I'm trying to work out what the best structure is for these requirements.. will happily work on it, just wondering on the best direction to go in / if anyone knows from experience or reason what the best type of storage structure is..

- I 'generate' up to 20,000 integers, and I need to make sure they are unique. I have no desire to keep track of which integers I've seen, as long as I can determine whether I've seen one before, if that makes sense - I don't need to get them back again from the structure.

- I can roughly predict the distribution of the numbers, I know, for example, the possible 'next' numbers after seeing any given number, I also know that the numbers probably expand from a single point, i.e, in 1-D, if the first number is one, the second numbers will be 0 and 2, if the first number is 2, the next ones will be 1 and 3, and so on.. I'm not considering negatives. However, I only have a rough idea that will happen - and, its certainly the case that the next two numbers might be +100 and -100, or any other symetric distance from the first number ( again, negatives can't happen, so -100 would only be possible if the first number is >= 100 ). The numbers don't necessarily start from 0, infact, its very unlikely that the first number will be 0.

At the moment I'm using a set [ red/black tree ], all is well for one test - and 20,000 is a worst case situation, i.e. the algorithm this is for aborts if it reaches 20,000 iterations. 300-1000 numbers is more likely; but, there's a chance that, every half second, a worst case example occurs, and worst cases aren't infrequent. Also, I want to increase the worst case level, because 20,0000 is sometimes not enough! In profiling, the set looks like a speed bottleneck in the system at these extreme cases, and I guess it's a memory bottleneck too, since it must store a whole integer at every 'leaf'.

By the way, a matrix/vector with a flag bit for every possible input isn't gonna be good ( although there is a well defined non-infinite input range ), because I dont want every case to suffer just to make the worst cases more efficient, and in most cases, only a relatively tiny number of integers are ever seen. Anything 'fuzzy' isn't good either, i.e. imperfect hashing -- since I can't forget I've seen a number, or remember I've seen a number that I haven't -- and I can't make a perfect hash that isn't the same size as the inputs.

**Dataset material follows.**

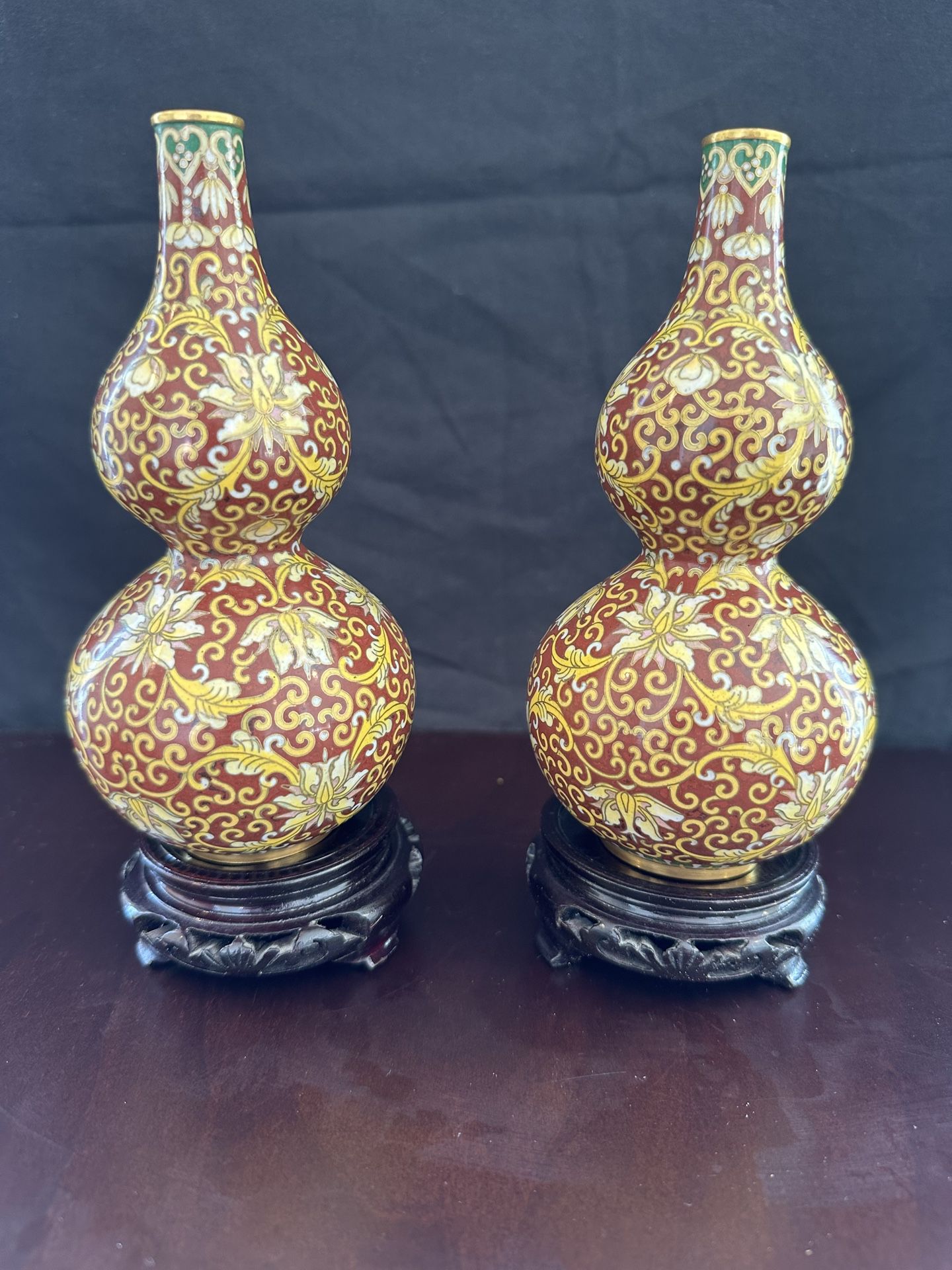 Vintage Chinese Qing/Ch’ing Dynasty Cloisonne Enamel Double Bulb Vase Pair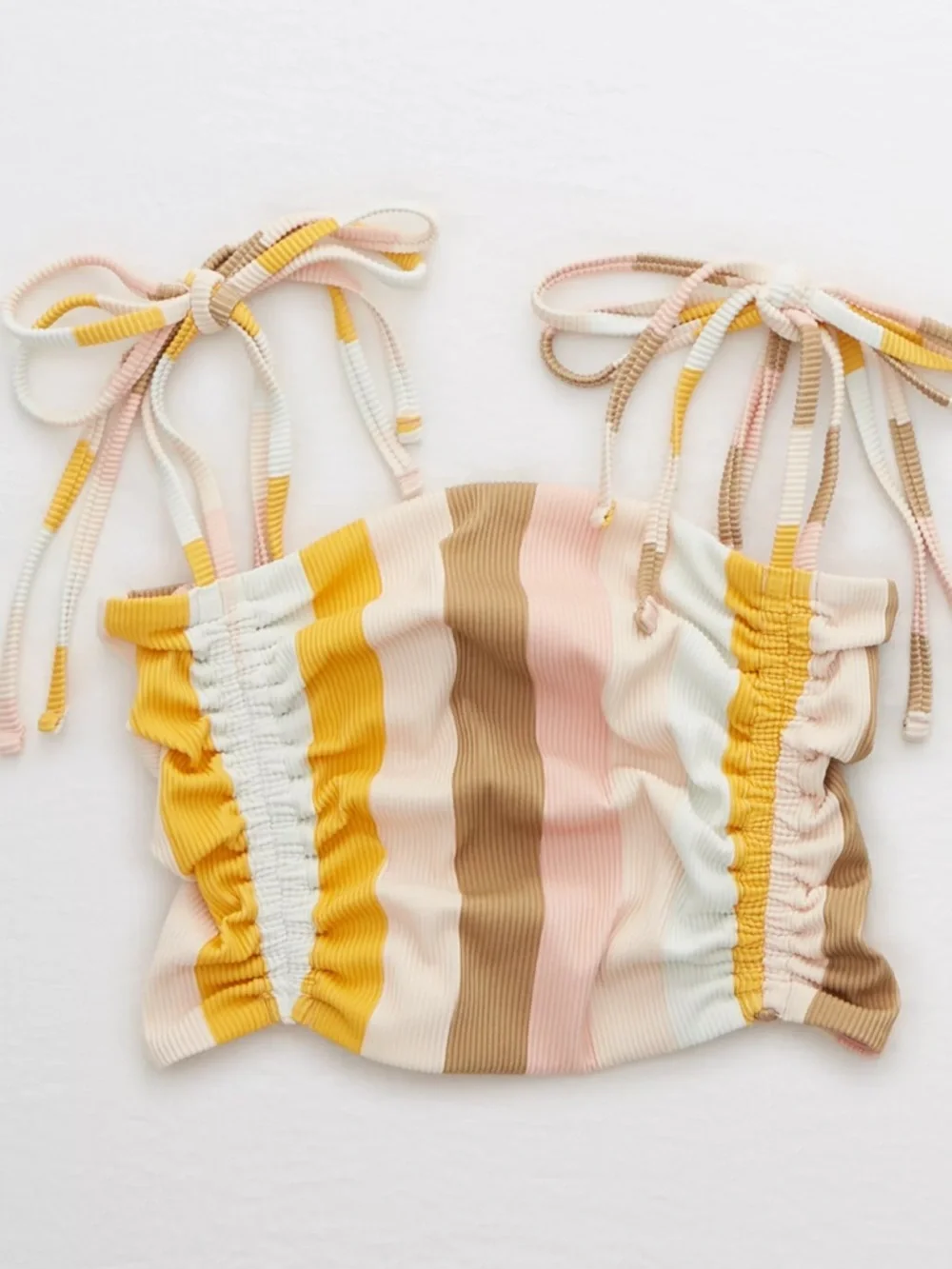 Aerie Ribbed Longline Bandeau Bikini Top + Bottoms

I'm thinking, of using a dynamic vector or link list of ordered ranges; that is - if I see 0, 1, 2, 3, 4, 5, 6 - i would have one range object ( 0 - 6 ) at the beggining of the list, so anything within that range can be ignored; equally, if I see 20, 21, 28, 29, 30, i'd have two range objects ( 20 - 21 ) and ( 28 - 30 ) somewhere at the front of the list.. Kinda like file compression/allocation in realtime. Obv. that has worst memory case of 2 x the number of possible values, but, that's unlikely... Also, that structure might end up having a long lookup or write time, depending on whether it's a linklist or a vector. Maybe I could make it hierachical, but then it's gonna end up looking alot like a set...

Anyway.. anyone know of a better way to do this, or have any ideas?

> By the way, a matrix/vector with a flag bit for every possible input isn't gonna be good
Why not? unsigned long flags[625]; // 20,000 bits. Testing to see if 'val' has been seen is just

if ( flags[ val / 32 ] & ( 1ul << ( val % 32 ) ) ) {
  // seen it

It might look long winded, but any decent compiler will optimise all those operations involving 32 into relevant bit-wise operations.
The result is an expression which evaluates in a handful of machine instructions in constant time.

All that red/black tree and lists of sub-ranges looks like complication for the sake of it.

The code is simple, the data structure is compact.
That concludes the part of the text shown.